Davalı cevabında, taşınmazın üçe bölündüğünü, kendi payına düşen 62767 m2’lik kısmı kullandığını, davacının taşınmazına müdahale olmadığını beyanla davanın reddini savunmuştur.
Mahkemece, davanın kabulü ile, bilirkişi raporuna göre toplam elde edilen ürün gelirinden (61.553,00) davacı payına düşen 20.000,00 liranın davalıdan tahsiline karar verilmiş, hüküm davalı tarafından temyiz edilmiştir.
Dosyadaki yazılara, kararın dayandığı delillerle kanuni gerektirici sebeplere ve özellikle delillerin takdirinde bir isabetsizlik görülmemesine göre, sair temyiz itirazları yerinde değildir.

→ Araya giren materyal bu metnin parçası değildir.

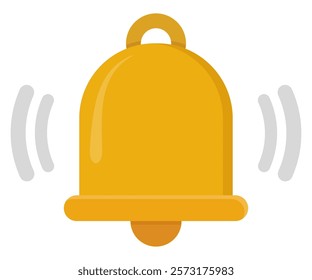 Notification bell icon in flat style isolated on white background.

Ancak, hükme esas alınan bilirkişi raporunda yer alan verim, masraf, fiat gibi kalemlere ilişkin resmi birimlerden alınmış belge ve bilgi bulunmamaktadır. Oysa, bilirkişi raporunu hazırlarken, raporun dayanağı olan somut ve özel nedenleri bilimsel (ve resmi verilere) uygun olarak göstermek zorundadır. HUMK’nun 281 maddesine göre, bilirkişi raporu Yargıtay denetimine elverişli olacak şekilde net anlaşılabilir, belge ve bilgiye dayanan gerekçe ihtiva etmelidir. Ancak bu şekilde hazırlanmış raporun denetimi mümkün olup, hüküm kurmaya dayanak yapılabilir.

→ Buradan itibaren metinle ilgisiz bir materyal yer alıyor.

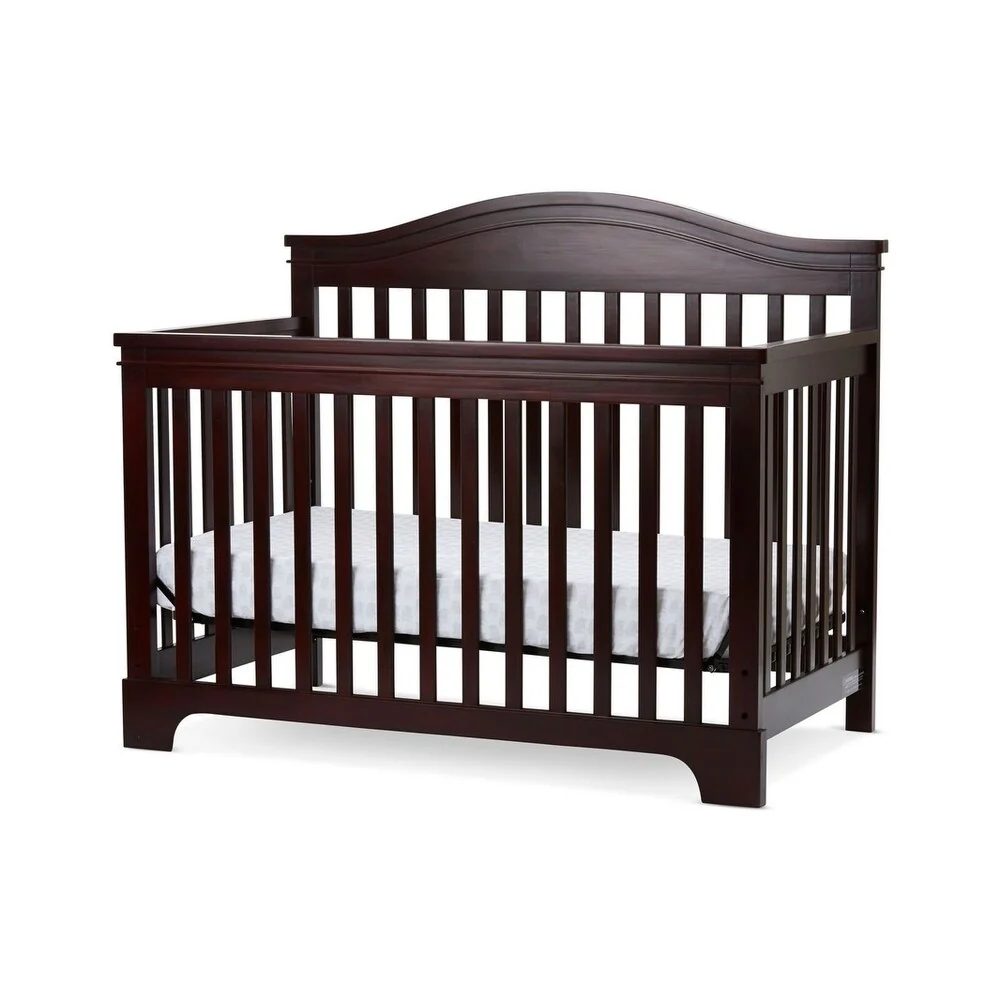 Wooden 4 in 1 Convertible Crib with Slatted Details, Cherry Brown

O halde mahkemece, ecrimisile esas olacak veriler resmi mercilerden (İlçe Tarım Müd. Şeker fabrikaları vb.) getirtilip, ürün münavebesi ve masrafı gözönünde bulunduran, her yıl için davacı payına düşen (62 dekar) miktarı o yıl ki ürüne göre ayrı ayrı hesaplayan ek zirai bilirkişi raporu alınarak sonucuna göre karar vermek gerekirken yazılı şekilde eksik incelemeye dayalı hüküm kurulması doğru görülmemiş, bozmayı gerektirmiştir.
Bu itibarla yukarıda açıklanan esaslar gözönünde tutulmaksızın yazılı şekilde hüküm tesisi isabetsiz, temyiz itirazları bu nedenlerle yerinde olduğundan kabulü ile hükmün HUMK.nun 428. maddesi gereğince BOZULMASINA ve peşin alınan temyiz harcının istek halinde temyiz edene iadesine, 14.10.2010 tarihinde oybirliğiyle karar verildi.